3.1           General Powers.
 
The business, property and affairs of the Corporation shall be managed by or under the direction of the Board, which may exercise all such powers of the Corporation and do all such lawful acts and things as are not by applicable law or by the Certificate of Incorporation directed or required to be exercised or done by the stockholders.
 
3.2           Number and Term of Office.
 
The number of directors shall be as set forth in the Certificate of Incorporation. Each director shall hold office until his or her successor is elected and qualified, or until his or her earlier death or resignation or removal.
 
3.3           Election of Directors.
 
At each meeting of the stockholders for the election of directors at which a quorum is present, the persons receiving the greatest number of votes, up to the number of directors to be elected, of the stockholders present in person or by proxy and entitled to vote thereon shall be the directors; provided , however , that for purposes of such vote no stockholder shall be allowed to cumulate his, her or its votes. Unless an election by ballot shall be demanded as provided in Section 2.7, election of directors may be conducted in any manner approved at such meeting. Notwithstanding the foregoing, any election of directors at a meeting of the stockholders, whether by ballot or as otherwise provided herein, shall be in compliance with Article IX.A. of the Certificate of Incorporation.
 
3.4           Resignation.
 
Any director may resign at any time by giving written notice to the Board, the Chairman, the Chief Executive Officer, the President or the Secretary. Such resignation shall take effect at the time specified therein or, if the time be not specified, upon receipt thereof. Unless otherwise specified therein, the acceptance of such resignation shall not be necessary to make it effective.
 
3.5           Newly Created Directorships and Vacancies.
 
Any newly created directorships resulting from an increase in the authorized number of directors and any vacancies occurring in the Board shall be filled solely by the affirmative vote of a majority of the remaining members of the Board, although less than a quorum, or, if no members of the Board remain, by a vote of the stockholders of the Corporation; provided , however , that any newly created directorship or vacancy shall be filled in compliance with Article IX.A. of the Certificate of Incorporation. A director so elected shall be elected to hold office until the earliest of the expiration of the term of office of the director whom he or she has replaced, his or her successor being elected and qualified and his or her earlier death or resignation or removal.
 
3.6           Meetings.
 
(a)            Annual Meetings . As soon as practicable after each annual election of directors, the Board shall meet for the purpose of organization and the transaction of other business, unless it shall have transacted all such business by written consent pursuant to Section 3.7.
 
(b)            Other Meetings . Other meetings of the Board shall be held at such times and places as the Board, the Chairman, the Chief Executive Officer, the President or any director shall from time to time determine.
 
(c)            Notice of Meetings . Notice shall be given to each director of each meeting, including the time, place and purpose of such meeting.
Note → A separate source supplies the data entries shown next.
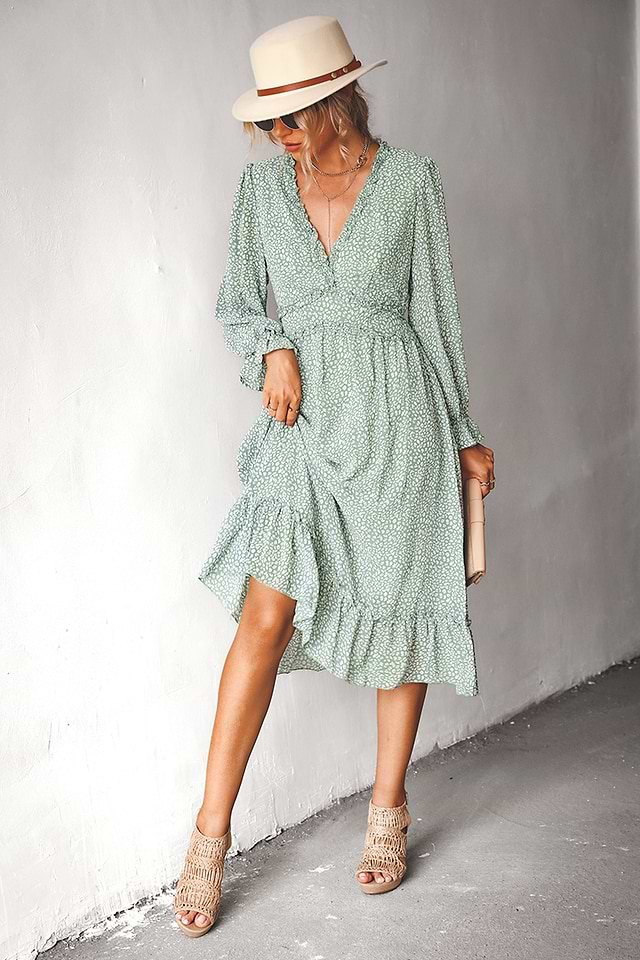 Addison Ditsy Floral Print Chiffon Midi Dress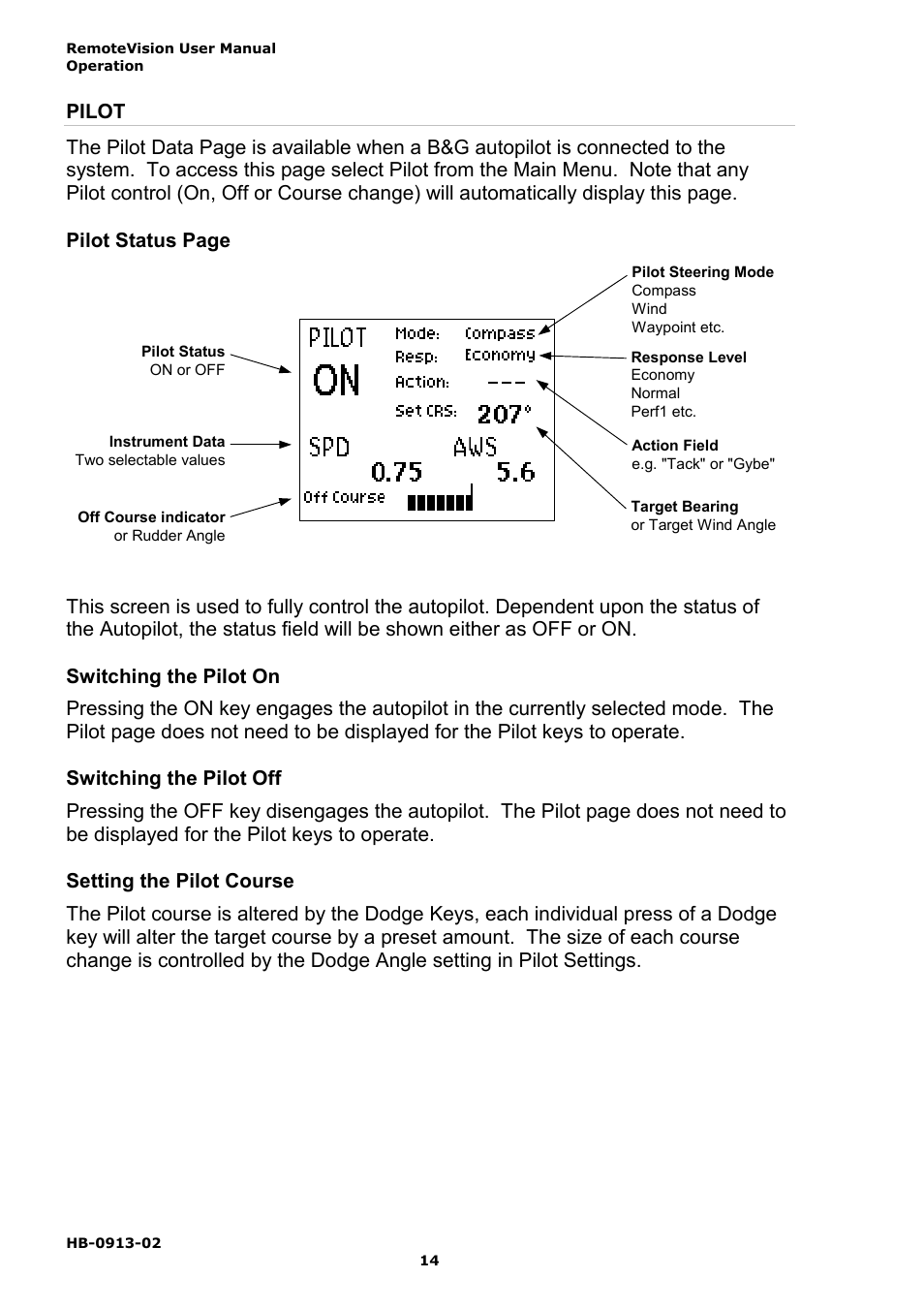 B&G RemoteVision User Manual | Page 18 / 32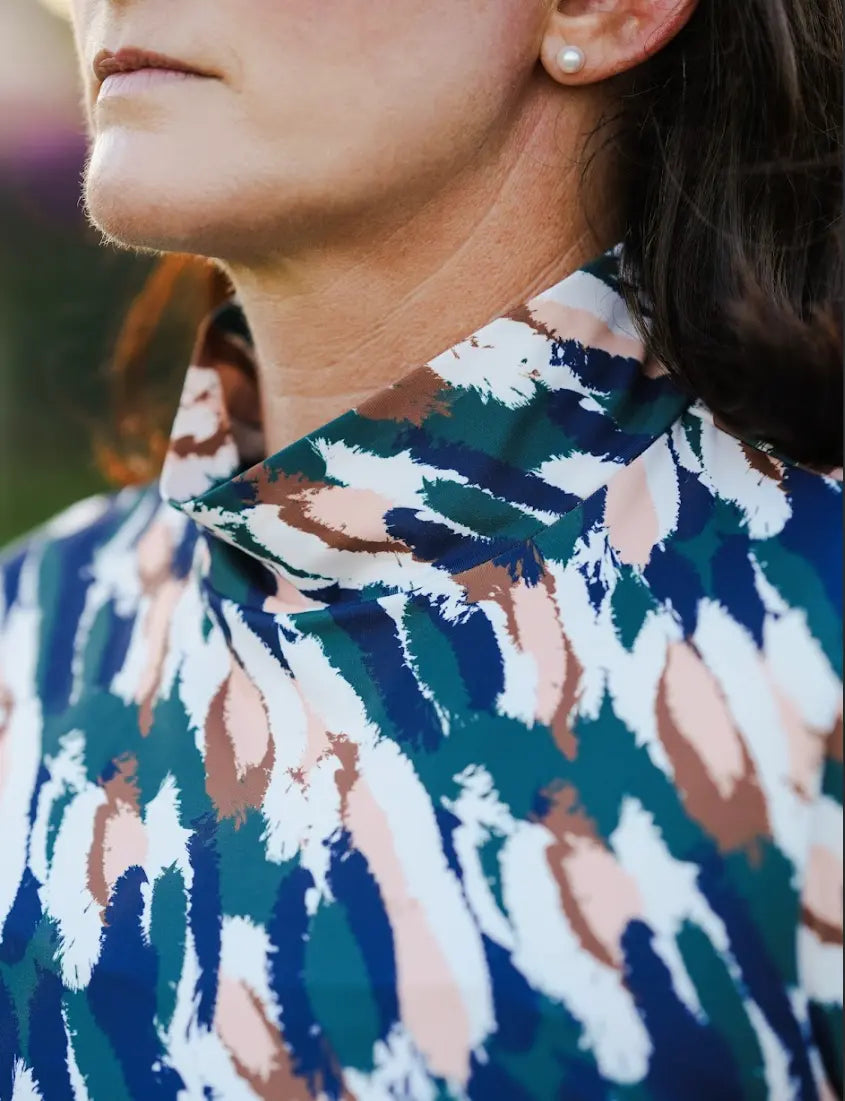 Novella Equestrian Market Rules Patterned Long Sleeve Mock Neck Novella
Notice of each such meeting shall be mailed to each director, addressed to him or her at his or her residence or usual place of business, at least forty eight (48) hours before the date on which such meeting is to be held, or shall be sent to him or her at such place by telegraph, cable, wireless or other form of recorded communication, or be delivered personally or by telephone, not later than the day before the day on which such meeting is to be held. A written waiver of notice, signed by the person entitled thereto, whether before or after the time of the meeting stated therein, shall be deemed equivalent to notice. Notice of any meeting need not be given to any director who shall attend such meeting in person (except when the director attends a meeting for the express purpose of objecting, at the beginning of the meeting, to the transaction of any business because the meeting is not lawfully called or convened), or who shall waive notice thereof, before or after such meeting, in writing or by electronic transmission.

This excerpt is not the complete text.